### MATERIAL PROVIDED ###

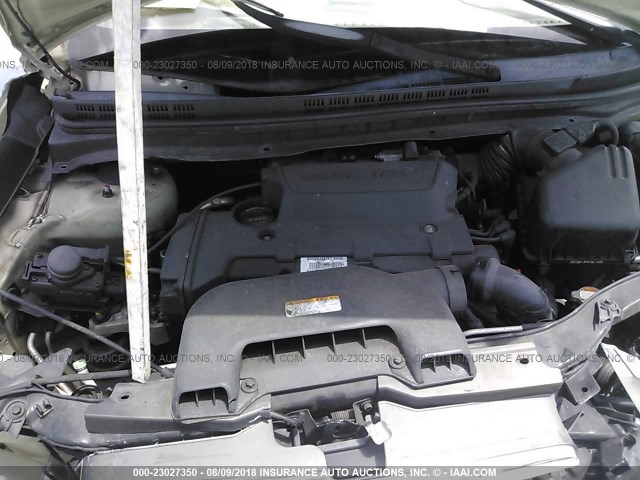 KMHDU46D49U655657 - 2009 HYUNDAI ELANTRA GLS/SE Champagne photo 10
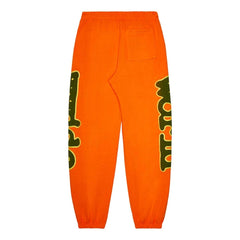 Sp5der Orange Beluga Sweatpants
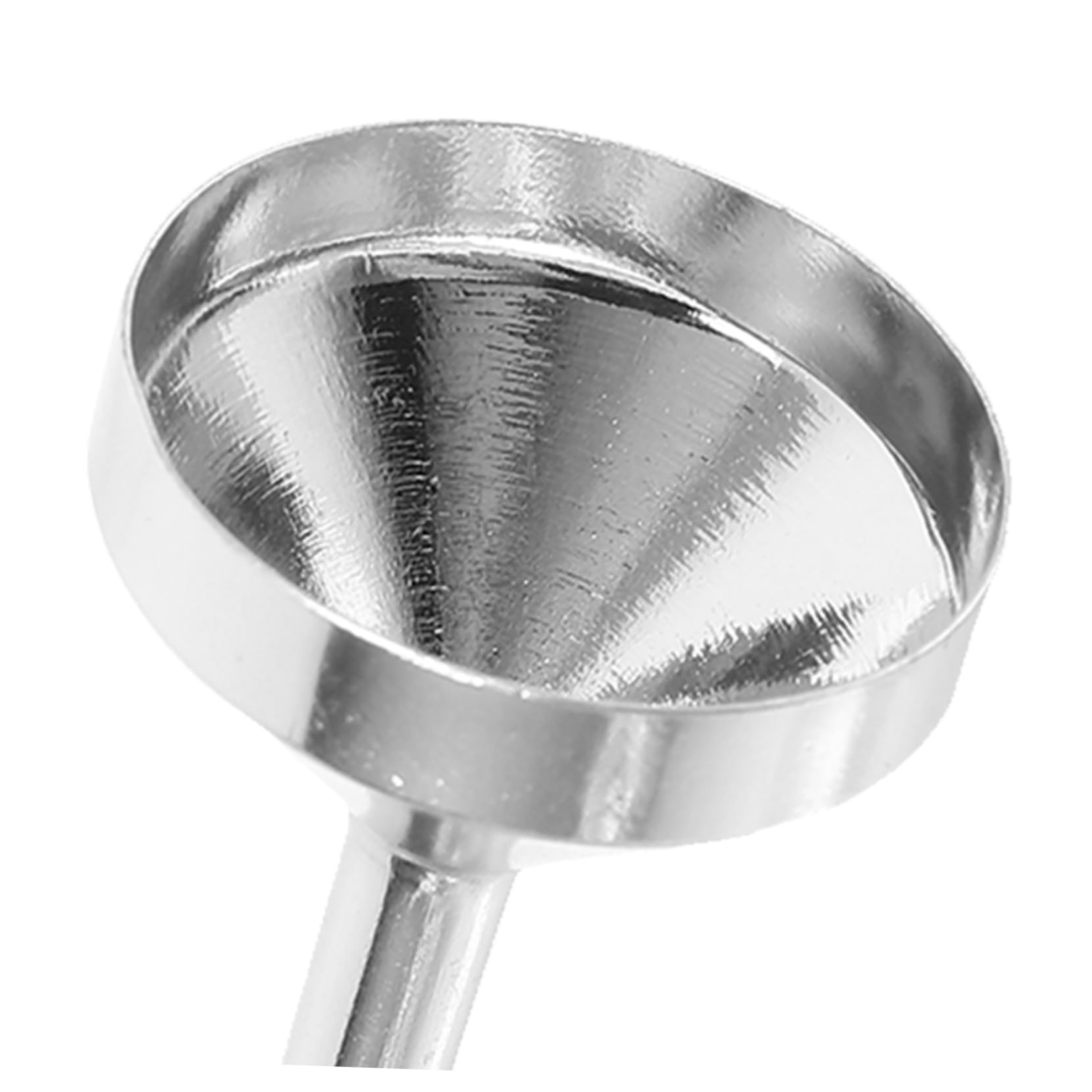 FRCOLOR 5 juegos de ventiladores de embudo de metal mini embudo para botellas herramientas de cuidado de la piel perfume, minit para llenar botellas pequeñas, de recarga para el
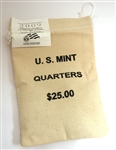 2009 District of Columbia $25 Government Bag Philadelphia Mint Quarters â€“ Uncirculated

###

Only lines belong in the copy: transcribe those from the start of the data through the line that contains "Sp5der Orange Beluga Sweatpants", and skip the pictures.

■ **ANSWER TO THIS EXERCISE**
 KMHDU46D49U655657 - 2009 HYUNDAI ELANTRA GLS/SE Champagne photo 10
 Sp5der Orange Beluga Sweatpants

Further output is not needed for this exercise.